Abstract
A three-dimensional model integrating computational fluid dynamics (CFD) and biokinetics was established to model an expanded granular sludge bed (EGSB) reactor in this study. The EGSB reactor treating synthesized municipal wastewater was operated at ambient temperature. The model provided satisfactory modeling results regarding hydrodynamics and biokinetics. The model shows that influent distribution was evenly distributed. In addition, butyrate and propionate degradation rates linearly decreased along the flow direction in the reactor. However, acetate degradation rate increased first and decreased later.
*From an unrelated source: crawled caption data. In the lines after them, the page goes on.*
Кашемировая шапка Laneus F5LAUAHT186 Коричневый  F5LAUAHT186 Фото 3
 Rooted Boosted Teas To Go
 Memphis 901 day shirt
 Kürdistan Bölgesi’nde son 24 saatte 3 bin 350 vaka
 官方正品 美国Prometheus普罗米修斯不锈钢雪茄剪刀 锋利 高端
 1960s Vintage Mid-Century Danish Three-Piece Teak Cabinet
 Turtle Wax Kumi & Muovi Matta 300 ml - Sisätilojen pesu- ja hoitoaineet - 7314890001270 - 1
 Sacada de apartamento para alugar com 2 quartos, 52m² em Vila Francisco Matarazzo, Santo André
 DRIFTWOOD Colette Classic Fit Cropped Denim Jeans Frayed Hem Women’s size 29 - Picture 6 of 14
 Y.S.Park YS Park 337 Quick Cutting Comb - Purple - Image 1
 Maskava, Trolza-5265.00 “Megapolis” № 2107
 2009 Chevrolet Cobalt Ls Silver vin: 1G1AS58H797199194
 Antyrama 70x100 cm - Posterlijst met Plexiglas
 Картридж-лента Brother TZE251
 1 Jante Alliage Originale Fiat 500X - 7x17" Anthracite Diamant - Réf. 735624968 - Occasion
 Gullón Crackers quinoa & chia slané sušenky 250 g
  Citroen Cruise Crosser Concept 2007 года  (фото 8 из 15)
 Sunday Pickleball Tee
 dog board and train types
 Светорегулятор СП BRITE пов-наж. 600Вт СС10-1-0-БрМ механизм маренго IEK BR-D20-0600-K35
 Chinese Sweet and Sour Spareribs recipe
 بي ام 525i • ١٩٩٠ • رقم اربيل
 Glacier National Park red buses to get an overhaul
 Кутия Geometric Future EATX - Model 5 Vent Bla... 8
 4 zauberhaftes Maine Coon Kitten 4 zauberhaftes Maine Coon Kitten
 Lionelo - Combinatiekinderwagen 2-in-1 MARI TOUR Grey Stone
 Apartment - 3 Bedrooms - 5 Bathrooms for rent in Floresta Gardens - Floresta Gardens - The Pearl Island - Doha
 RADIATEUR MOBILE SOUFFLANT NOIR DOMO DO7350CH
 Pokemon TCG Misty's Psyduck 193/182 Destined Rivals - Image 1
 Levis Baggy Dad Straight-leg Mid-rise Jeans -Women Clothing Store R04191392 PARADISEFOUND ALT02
VFA degradation rate distributions were different at each reactor cross section. VFA degradation rates near reactor wall were lower than VFA degradation rates at reactor axis. Moreover, a pulse high influent COD concentration had a tiny impact on effluent quality, which indicates that the reactor was stable while treating synthesized wastewater at adopted conditions.
1. Introduction
Expanded granular sludge bed (EGSB) is a granular sludge-based wastewater treatment technology and has been widely applied in high strength wastewater treatment. In addition, many researches regarding low strength wastewater treatment, that is, municipal wastewater treatment, have been reported [1–3].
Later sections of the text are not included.